In My Next Life by Pam Houston, 1992
The magic trick:
Summarizing a friendship in a beautifully direct story
This one is a tear-jerker. It may remind you of Amy Hempel’s “In The Cemetery Where Al Jolson Is Buried,” as both stories beautifully commemorate friendships severed by death.
Whereas Hempel leans on humor and perhaps some self-loathing, Houston’s story is about as honest as can be. Not that Hempel is disingenuous, of course. It’s just that Houston’s style here is just so purely straightforward, it’s really a thing to behold. There doesn’t appear to be an editorial agenda at all. The narrator simply wants to tell you about her friend – how they met, what she was like, how she made the narrator feel, things the narrator learned from her, and how her life ended.
I can’t imagine being able to take a person in my life and so clearly describe my relationship with them.

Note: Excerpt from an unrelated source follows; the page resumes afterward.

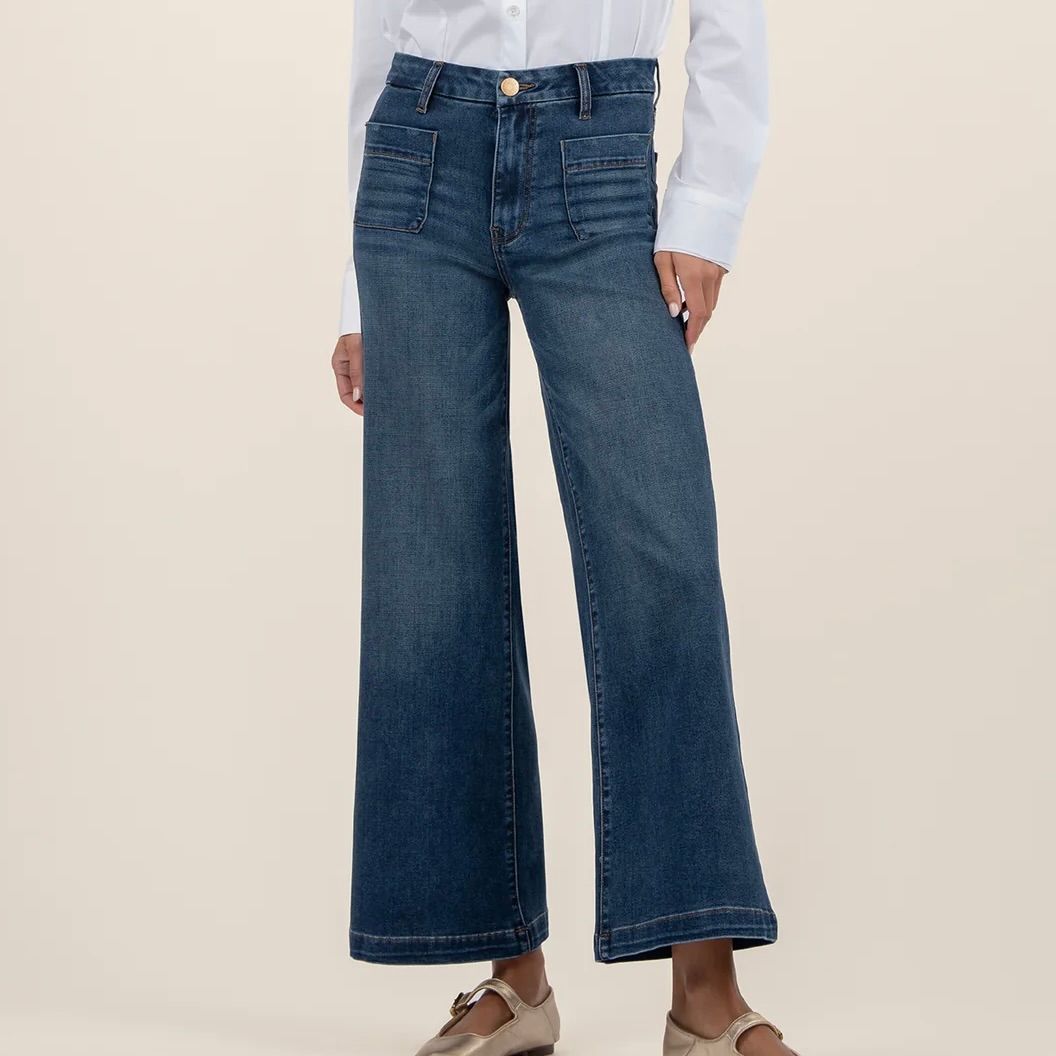Meg Wide Leg Patch Pocket Jeans, Dandle - SALE 50% OFF -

It’s a marvel.
And that’s quite a trick on Houston’s part.
The selection:
At the end of the day while we were walking out the horses Abby said, “You are a lovely, lovely woman. Tell me what else you do.”
I told her I played the banjo, which was the other thing I was doing at the time, with a group that was only marginally popular with people my age but a big hit with the older folks in the Fallen Arches Square Dance Club.
Abby told me she had always been intimidated by musicians.
She told me I had medieval hair.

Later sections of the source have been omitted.